What this means is that my documents are not only internally consistent, but also consistent across work items. And in general consistent over time.

It means that I always know what the documents are going to look and feel like.

Just like my boss will.

And just like my co-workers will.

And just like my long-term clients will.

Now don’t think that this means I expect how documents are formatted never changes.

That’s not the point. Or the purpose. As in everything, you should constantly ask “how can I improve this?” after you finish a project.

I’ve had my base document for a decade now.

And it has changed over that time. I switch from Times New Roman to Calibre as the base font. I shifted my section headers from black font to a blue.

And about three years ago, I added an entirely new section which breaks down my estimates in a way that I believe is clearer to everyone involved.

But those changes don’t happen in mid-document.

Change, growth, over time is good; while consistency in a single work item is necessary.

And for how important a consistent look and feel for the document is, consistency in the content is probably more so.

This cannot be reiterated enough; in technical writing use the same words. And the same sentence structure.

My functional requirements looks like a very homogeneous document. The structure is a series of simple sentences, that each explain a single thing. And they all look the same.

X shall Y.

For example:

The change password form shall contain a username entry field The change password form shall contain a current password entry field The change password form shall contain a new password entry field The change password form shall contain a confirm password entry field The change password form shall contain a submission command The change password form shall verify that the values entered in the new password entry field equals the confirm password entry field

You can see the pattern as it repeats itself. X shall Y.

It’s a consistent repetition. We know that X shall Y.

And I continue that pattern. Keeping the same name for a particular concept. Using shall over and over again.

Being repetitive in a way that would horrify a creative writing instructor.

I do it because it works. It creates that pattern, that consistency, which helps with the consumption of what I’m trying to say.

Finally, it’s not just sentence structure that we need to focus on.

Anything inconsistent can take away clarity and as such slow down the consumption of the content.

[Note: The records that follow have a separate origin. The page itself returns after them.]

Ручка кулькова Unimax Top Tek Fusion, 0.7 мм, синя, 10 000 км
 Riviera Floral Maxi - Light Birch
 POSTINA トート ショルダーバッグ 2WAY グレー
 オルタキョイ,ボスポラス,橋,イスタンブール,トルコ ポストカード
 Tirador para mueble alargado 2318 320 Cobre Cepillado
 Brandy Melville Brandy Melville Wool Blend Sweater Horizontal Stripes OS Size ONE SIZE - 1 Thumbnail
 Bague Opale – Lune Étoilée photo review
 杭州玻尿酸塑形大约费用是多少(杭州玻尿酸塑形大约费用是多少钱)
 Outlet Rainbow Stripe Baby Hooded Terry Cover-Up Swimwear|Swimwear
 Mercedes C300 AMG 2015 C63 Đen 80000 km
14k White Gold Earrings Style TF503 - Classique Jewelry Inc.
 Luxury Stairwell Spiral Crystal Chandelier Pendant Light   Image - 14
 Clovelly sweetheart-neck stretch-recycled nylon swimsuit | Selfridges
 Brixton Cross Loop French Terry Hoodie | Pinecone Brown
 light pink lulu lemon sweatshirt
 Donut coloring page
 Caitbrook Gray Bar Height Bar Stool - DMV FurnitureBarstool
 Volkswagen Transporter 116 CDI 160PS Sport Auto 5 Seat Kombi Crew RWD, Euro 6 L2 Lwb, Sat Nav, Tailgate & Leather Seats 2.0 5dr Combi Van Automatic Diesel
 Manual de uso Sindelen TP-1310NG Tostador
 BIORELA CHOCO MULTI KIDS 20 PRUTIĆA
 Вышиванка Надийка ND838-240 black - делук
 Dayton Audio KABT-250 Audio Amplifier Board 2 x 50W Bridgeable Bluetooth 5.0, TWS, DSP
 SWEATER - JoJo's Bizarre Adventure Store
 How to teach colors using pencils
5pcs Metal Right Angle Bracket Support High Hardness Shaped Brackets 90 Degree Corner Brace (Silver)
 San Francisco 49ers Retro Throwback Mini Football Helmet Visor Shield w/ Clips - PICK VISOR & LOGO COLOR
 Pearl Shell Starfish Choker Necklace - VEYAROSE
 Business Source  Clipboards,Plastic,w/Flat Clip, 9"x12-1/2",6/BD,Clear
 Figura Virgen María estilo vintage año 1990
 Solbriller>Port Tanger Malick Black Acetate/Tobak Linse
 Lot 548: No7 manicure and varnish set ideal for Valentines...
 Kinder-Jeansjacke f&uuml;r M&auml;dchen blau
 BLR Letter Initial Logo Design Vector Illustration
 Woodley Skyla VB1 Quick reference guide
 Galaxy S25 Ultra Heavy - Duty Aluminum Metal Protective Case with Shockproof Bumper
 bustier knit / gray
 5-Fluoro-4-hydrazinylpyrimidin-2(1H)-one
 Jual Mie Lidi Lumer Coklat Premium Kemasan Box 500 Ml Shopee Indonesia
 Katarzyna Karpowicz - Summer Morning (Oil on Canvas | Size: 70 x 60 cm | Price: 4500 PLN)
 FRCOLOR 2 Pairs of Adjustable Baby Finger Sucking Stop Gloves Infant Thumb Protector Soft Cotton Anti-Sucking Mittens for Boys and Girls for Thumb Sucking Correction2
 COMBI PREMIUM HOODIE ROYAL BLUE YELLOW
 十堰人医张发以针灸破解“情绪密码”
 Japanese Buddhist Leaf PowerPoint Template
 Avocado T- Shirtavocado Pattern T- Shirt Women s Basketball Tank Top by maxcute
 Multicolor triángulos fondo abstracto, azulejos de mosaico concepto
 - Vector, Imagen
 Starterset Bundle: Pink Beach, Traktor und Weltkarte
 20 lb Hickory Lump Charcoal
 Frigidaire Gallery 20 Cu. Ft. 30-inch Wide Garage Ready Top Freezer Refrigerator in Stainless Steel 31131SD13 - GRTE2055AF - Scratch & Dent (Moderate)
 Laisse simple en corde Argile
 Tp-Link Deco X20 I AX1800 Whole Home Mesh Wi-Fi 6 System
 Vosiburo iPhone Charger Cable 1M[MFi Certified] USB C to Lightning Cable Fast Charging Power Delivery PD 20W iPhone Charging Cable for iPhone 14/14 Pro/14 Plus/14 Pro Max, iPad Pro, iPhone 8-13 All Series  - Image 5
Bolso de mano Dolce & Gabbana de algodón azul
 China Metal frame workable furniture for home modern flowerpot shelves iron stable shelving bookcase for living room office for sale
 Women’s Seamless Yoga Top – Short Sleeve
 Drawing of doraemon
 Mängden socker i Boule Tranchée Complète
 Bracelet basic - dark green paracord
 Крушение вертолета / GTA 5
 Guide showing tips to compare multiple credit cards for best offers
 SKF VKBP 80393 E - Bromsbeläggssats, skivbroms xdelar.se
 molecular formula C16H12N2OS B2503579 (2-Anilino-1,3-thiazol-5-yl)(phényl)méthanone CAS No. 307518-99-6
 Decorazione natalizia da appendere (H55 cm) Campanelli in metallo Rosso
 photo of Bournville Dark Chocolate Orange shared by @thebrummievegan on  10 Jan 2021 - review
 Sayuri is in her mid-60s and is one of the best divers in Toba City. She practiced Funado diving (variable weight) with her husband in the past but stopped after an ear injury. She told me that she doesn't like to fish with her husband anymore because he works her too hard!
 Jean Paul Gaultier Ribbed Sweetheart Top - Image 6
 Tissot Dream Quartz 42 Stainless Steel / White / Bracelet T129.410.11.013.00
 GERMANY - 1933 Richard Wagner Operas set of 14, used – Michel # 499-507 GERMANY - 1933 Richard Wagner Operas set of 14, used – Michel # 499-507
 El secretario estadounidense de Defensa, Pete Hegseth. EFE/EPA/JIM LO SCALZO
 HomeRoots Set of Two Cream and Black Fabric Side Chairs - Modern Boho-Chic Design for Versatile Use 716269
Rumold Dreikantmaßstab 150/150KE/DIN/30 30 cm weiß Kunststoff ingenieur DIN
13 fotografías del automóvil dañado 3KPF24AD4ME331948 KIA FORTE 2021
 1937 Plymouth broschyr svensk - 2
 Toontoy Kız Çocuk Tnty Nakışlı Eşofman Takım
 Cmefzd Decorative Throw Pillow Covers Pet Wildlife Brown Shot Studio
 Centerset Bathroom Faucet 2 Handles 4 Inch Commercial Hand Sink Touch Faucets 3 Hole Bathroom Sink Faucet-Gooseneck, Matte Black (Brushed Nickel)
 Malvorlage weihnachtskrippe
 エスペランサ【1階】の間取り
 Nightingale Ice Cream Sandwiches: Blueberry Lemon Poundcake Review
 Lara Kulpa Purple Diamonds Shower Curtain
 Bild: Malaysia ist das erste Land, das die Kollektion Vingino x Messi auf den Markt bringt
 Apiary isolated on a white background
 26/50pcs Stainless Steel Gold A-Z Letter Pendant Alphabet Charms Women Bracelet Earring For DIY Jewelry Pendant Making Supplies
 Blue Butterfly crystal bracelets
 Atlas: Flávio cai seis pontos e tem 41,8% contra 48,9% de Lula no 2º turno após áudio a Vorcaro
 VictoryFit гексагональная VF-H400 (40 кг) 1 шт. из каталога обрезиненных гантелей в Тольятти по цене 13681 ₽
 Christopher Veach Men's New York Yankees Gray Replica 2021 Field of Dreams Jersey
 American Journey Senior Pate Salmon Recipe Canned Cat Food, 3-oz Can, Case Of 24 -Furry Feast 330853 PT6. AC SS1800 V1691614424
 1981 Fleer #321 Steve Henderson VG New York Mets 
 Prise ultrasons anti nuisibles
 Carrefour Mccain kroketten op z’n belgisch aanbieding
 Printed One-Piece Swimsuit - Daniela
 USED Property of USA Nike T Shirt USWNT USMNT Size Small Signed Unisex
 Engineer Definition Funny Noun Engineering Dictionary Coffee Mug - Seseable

Serial comma use. Capitalization. Digits or words for numbers.

The proper, and consistent uses for these do wonders for understanding and consuming the content. While inconsistently changing something breaks the reader’s concentration, making them think harder to come to a full understanding.

For example:

Success messages shall be displayed in the Active Messages section of the template Success messages shall have a green background Success messages shall have a hunter green font color Warning messages shall be displayed in the Active Messages section of the template Warning messages shall have a yellow background Warning messages shall have a goldenrod font color Error messages shall be displayed in the Active Messages section of the template Error messages shall have a #FFCCCC background Error messages shall have a dark red font color

The hex based color definition stands out. It’s inconsistent. It’s different to the point that a reader can be unsure what is being said. Leaving them questioning if their understanding for the other colors is correct, and if so, why is that one color important enough to call out so explicitly.

It hampers the consumption of the content.

And all of this is about consuming the content.

Because if no one consumes it, if no one understands the content, what’s the purpose of writing it?